Serologic responses to SARS-CoV-2 infection among hospital staff with mild disease in eastern France

Abstract

Background: The serologic response of individuals with mild forms of SARS-CoV-2 infection is poorly characterized.

Methods: Hospital staff who had recovered from mild forms of PCR-confirmed SARS-CoV-2 infection were tested for anti-SARS-CoV-2 antibodies using two assays: a rapid immunodiagnostic test (99.4% specificity) and the S-Flow assay (~99% specificity). The neutralizing activity of the sera was tested with a pseudovirus-based assay.

Findings: Of 162 hospital staff who participated in the investigation, 160 reported SARS-CoV-2 infection that had not required hospital admission and were included in these analyses. The median time from symptom onset to blood sample collection was 24 days (IQR: 21-28, range 13-39). The rapid immunodiagnostic test detected antibodies in 153 (95.6%) of the samples and the S-Flow assay in 159 (99.4%), failing to detect antibodies in one sample collected 18 days after symptom onset (the rapid test did not detect antibodies in that patient). Neutralizing antibodies (NAbs) were detected in 79%, 92% and 98% of samples collected 13-20, 21-27 and 28-41 days after symptom onset, respectively (P = 0.02).
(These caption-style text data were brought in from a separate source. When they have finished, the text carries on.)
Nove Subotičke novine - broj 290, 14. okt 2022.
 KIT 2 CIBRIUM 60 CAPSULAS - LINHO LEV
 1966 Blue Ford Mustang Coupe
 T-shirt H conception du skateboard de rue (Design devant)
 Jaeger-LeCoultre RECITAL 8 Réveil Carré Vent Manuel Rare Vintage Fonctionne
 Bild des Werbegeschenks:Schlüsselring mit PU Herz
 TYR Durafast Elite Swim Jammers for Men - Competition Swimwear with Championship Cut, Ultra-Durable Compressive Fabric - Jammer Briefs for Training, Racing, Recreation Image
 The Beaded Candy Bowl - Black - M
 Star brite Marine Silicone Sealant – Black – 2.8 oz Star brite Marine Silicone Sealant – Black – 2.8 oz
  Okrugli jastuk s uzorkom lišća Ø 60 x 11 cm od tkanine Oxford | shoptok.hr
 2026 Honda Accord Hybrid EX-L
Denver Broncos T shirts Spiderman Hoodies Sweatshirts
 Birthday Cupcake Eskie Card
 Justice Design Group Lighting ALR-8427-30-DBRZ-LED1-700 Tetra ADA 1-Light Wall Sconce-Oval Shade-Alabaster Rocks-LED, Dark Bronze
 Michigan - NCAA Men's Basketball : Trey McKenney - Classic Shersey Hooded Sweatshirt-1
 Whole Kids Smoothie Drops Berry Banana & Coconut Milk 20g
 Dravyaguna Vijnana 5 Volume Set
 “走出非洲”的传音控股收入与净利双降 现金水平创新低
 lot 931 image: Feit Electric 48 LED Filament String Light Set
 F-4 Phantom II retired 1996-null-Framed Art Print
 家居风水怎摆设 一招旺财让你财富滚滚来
Interpretation: Antibodies against SARS-CoV-2 were detected in virtually all hospital staff sampled from 13 days after the onset of COVID-19 symptoms. This finding supports the use of serologic testing for the diagnosis of individuals who have recovered from SARS-CoV-2 infection. The neutralizing activity of the antibodies increased overtime. Future studies will help assess the persistence of the humoral response and its associated neutralization capacity in recovered patients.

Fundings: The funders had no role in study design, data collection, interpretation, or the decision to submit the work for publication.

Keywords: Antibodies; Mild covid-19; Neutralization; Serology; sars-cov-2.

Fig. 1

Analysis of SARS-Cov-2 antibody response. (A) Sera from the 160 HCW were surveyed for anti-SARS-Cov-2 antibodies. S- Flow data are represented by the frequency of S+ cells (n = 160, left panel) and the median Fluorescence intensity (MFI) in positive samples (n = 159, middle panel). Historical pre-epidemic samples (pre) were included to determine backgrounds of S Flow (n = 140). Each dot represents a sample. Samples were grouped according to the number of days after symptom onset. Statistical analyses were performed using Kruskall-Wallis with Dunn's multiple comparisons test. * p < 0.005. n.a.: not applicable (B) Neutralizing activity of the 160 sera. The ability of each serum to neutralize lentiviral S- pseudotypes was assessed at a serum dilution of 1:100. Samples are grouped according to the number of days after symptom onset (left panel); * p < 0.005 using Kruskall-Wallis with Dunn's multiple comparisons test. For each time group, the frequencies of samples displaying a ID50 >100 (middle panel) or a ID80 >100 (right panel) were determined. Each dot represents a sample.; p-values obtained using the Chi-square test. (C) Relationship between serological measurement and neutralizing activity. The S-Flow MFI of samples displaying ID50 and ID80 above or below 100 are depicted. Each dot represents a sample. **** p < 0.0001 Unpaired t-test. The statistically significant differences are depicted.